Thomas S. Buechner:
Florals

Thomas S. Buechner

1926-2010

Born in New York City in 1926, Thomas Scharman Buechner attended Princeton University, the Art Student’s League in New York and the Ecole des Beaux Arts in Paris. He studied old master painting techniques in Amsterdam with M.M. van Dantzig, a pupil of Max Doerner’s. He specialized in exhibition design and was later employed by the Display Department of the Metropolitan Museum of Art. The first Director of The Corning Museum of Glass (1950-1960) and then Director of the Brooklyn Museum (1960-1971), Buechner simultaneously worked as an illustrator for the Chicago Tribune’s and the Washington Post’s “Book World”. In 1972, he became President of Steuben Glass, Chairman of the Corning Glass Works Foundation and President of the Corning Museum of Glass. He helped to establish the Rockwell Museum in 1976, serving as its President for ten years. In 1985 he became a Vice President of Corning Glass Works. As author and lecturer, Buechner is known to glass scholars, artists and collectors.

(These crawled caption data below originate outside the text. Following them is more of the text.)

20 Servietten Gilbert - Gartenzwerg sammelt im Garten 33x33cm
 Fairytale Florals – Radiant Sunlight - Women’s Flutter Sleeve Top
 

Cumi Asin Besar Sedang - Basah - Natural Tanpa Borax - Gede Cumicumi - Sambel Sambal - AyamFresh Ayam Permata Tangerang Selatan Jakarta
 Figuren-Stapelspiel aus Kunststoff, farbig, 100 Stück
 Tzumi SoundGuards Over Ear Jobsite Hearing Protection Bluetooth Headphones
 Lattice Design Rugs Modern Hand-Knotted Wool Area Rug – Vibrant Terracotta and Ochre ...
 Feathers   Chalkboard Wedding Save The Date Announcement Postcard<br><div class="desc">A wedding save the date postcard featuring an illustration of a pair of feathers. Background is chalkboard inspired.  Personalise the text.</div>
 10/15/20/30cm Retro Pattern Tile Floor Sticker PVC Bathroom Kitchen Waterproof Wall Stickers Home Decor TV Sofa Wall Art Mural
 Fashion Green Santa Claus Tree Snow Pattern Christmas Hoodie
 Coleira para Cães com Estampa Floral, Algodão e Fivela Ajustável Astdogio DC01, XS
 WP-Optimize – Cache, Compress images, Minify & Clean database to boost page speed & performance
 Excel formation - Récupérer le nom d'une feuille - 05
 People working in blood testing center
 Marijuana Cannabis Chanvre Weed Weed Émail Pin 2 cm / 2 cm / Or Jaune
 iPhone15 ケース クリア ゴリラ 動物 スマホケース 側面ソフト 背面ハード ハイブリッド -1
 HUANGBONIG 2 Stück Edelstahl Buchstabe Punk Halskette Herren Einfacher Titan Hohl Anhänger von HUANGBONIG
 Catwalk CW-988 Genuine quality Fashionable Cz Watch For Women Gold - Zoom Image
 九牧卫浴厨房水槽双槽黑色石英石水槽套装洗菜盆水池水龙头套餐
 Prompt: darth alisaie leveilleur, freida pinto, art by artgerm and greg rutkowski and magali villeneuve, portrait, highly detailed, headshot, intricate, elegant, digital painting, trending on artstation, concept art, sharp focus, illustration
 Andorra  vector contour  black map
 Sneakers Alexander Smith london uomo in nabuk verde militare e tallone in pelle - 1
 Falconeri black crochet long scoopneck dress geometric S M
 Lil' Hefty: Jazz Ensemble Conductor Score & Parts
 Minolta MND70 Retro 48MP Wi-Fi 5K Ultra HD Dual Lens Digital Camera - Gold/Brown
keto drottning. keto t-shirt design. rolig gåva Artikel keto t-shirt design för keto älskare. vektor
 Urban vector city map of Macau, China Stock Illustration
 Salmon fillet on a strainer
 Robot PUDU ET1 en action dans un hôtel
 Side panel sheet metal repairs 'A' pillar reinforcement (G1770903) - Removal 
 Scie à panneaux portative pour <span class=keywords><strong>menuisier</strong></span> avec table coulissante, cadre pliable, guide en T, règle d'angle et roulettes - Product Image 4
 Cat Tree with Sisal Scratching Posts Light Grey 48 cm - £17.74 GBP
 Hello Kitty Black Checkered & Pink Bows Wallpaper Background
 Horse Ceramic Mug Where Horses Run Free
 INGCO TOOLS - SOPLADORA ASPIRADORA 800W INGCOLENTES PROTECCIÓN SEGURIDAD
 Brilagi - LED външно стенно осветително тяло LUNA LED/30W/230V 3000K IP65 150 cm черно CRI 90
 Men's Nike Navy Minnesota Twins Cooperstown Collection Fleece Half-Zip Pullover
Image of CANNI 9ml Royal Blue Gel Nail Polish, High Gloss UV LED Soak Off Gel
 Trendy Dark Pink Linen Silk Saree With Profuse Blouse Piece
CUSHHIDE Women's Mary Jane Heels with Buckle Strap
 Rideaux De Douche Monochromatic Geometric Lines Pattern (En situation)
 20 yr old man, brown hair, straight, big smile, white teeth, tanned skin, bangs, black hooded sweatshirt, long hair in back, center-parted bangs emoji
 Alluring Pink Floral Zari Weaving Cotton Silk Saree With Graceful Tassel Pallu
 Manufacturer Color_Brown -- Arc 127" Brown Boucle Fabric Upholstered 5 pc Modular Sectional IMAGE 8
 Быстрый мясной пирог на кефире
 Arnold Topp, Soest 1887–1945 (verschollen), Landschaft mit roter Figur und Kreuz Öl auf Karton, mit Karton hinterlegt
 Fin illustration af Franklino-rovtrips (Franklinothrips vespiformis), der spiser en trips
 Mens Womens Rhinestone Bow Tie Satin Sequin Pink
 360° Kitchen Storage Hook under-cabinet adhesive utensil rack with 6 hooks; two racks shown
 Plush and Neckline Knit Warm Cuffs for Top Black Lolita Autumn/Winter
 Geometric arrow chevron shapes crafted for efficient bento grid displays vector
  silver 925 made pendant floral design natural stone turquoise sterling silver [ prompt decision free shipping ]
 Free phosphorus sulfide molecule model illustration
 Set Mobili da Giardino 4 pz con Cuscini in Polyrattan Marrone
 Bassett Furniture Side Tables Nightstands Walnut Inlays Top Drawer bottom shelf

He wrote the glass section for the Encyclopedia Britannica and founded both the Journal of Glass Studies and the New Glass Review. His best known book is Norman Rockwell, Artist and Illustrator. Painting full time since 1986, he remained a consultant to Corning Incorporated and served on a number of boards. An established portrait, landscape and still life painter, Buechner had many one-man exhibitions in New York, throughout this country, and in Germany and Japan. His paintings have been acquired by museums including the Metropolitan Museum of Art and the Smithsonian’s National Museum of American Art. He taught in Rome and Germany, Corning and Elmira. Tom Buechner died peacefully at his home on June 13, 2010 after a short illness.